M.W. from Fairfield County, Connecticut writes:
Dear Mister Condo,
How far ahead can a Condo Association collect assessments for an upcoming major expense (Roof replacement). Our Board would like to assess owners 3 years ahead of the expense, can we do that?
Mister Condo replies:
M.W., as long as the rules for levying and collecting the Special Assessment as outlined in the governing documents are followed, I don’t see why the Board cannot begin collecting ahead of time. It is unusual for the assessment to be levied that far in advance but, perhaps, the Board has doubts about the owners to pay the assessment and they need to see if all owners will pay before committing to the project. In many cases, the contractor performing the work requires a deposit to being, payment along the way at critical milestones, and at job completion. The association would want to have the money readily available to meet those requirements.

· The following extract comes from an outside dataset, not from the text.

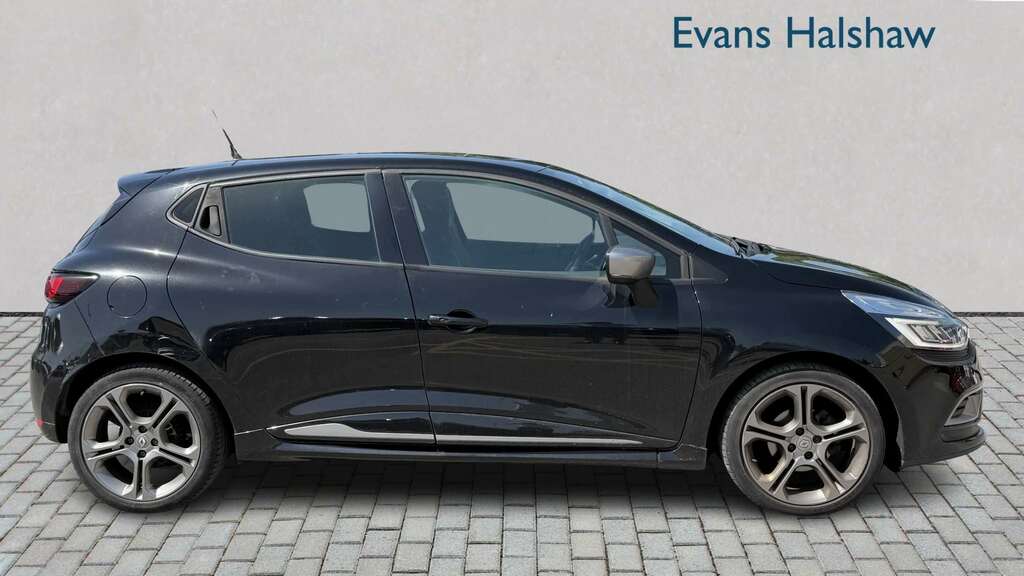 Renault Clio 0.9 Tce 90 Gt Line 2018 HV68WSJ Black #3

An HOA loan might be a better solution if homeowners are not willing to part with their money in advance but that would cost the members more in the long run. As long as the money is set aside in a separate account for the project requiring the Special Assessment and spent only in accordance with that project, they may have the right to collect the money in advance. Of course, all funds must be fully accounted for and any excess collected must be returned to owners at the end of the project. All the best.
3 thoughts on “Condo Special Assessment Levied 3 Years in Advance of Project”
My concern would be, is it a realistic price and owner confidence if they have to vote on it?. Who knows if prices will be higher or lower in the future, 3 years off. Few really competitive bidders would bid now without a huge contingency added in.
Three years off is also an attempt to bind future boards, that should require an owner vote, iMHO.
Best to have competitive bids later combined with a loan proposal that can offer owners to pay or take the loan terms through the association.
More work but much easier to get owner buy-in if they have to vote and do know all the details.
Also for now, increase the regular assessments at the next opportunity and place an amount in a special reserve fund to ease the hit in three years.
What we don’t know is
1.) Does the reserve study show the roof needing replacement in 3 years?
2.) Are the reserves so underfunded that nothing but a special assessment (or loan) is necessary?
a 3 year special assessment is less per month for payments over a typical 1 year special assessment term.
Paying in advance ensures that the owners who have benefited from the roof over the years pays the cost of getting that benefit.
Put enough into the reserves to pay for a roof consultant that works for the HOA and does quality assurance observations and watches the roof contractors work; I see to many contractors off on their own who don’t always do the greatest job when un-watched.
Something to keep an eye on is the legislation “Securing Access to Finance Exterior Repairs (SAFER) in Condos Act of 2022.” Link attached. “The SAFER in Condos Act is intended to reduce upfront costs to condominium homeowners facing special assessments to finance necessary building repairs.” CAI is providing support for this legislation.
It could be the association couldn’t obtain favorable financing, even though they can commit future income. It happened once at our condo many, many years ago. Each unit owner had to come up with the full amount cash, or be able to obtain our own financing. It was the hard way to learn about reserves – from what happens when they are woefully inadequate. One foreclosed. It sounds like they are getting a running start ahead of time, but the roofing costs keep ratcheting up, hard to know in three years how much more it will cost. than the current estimate.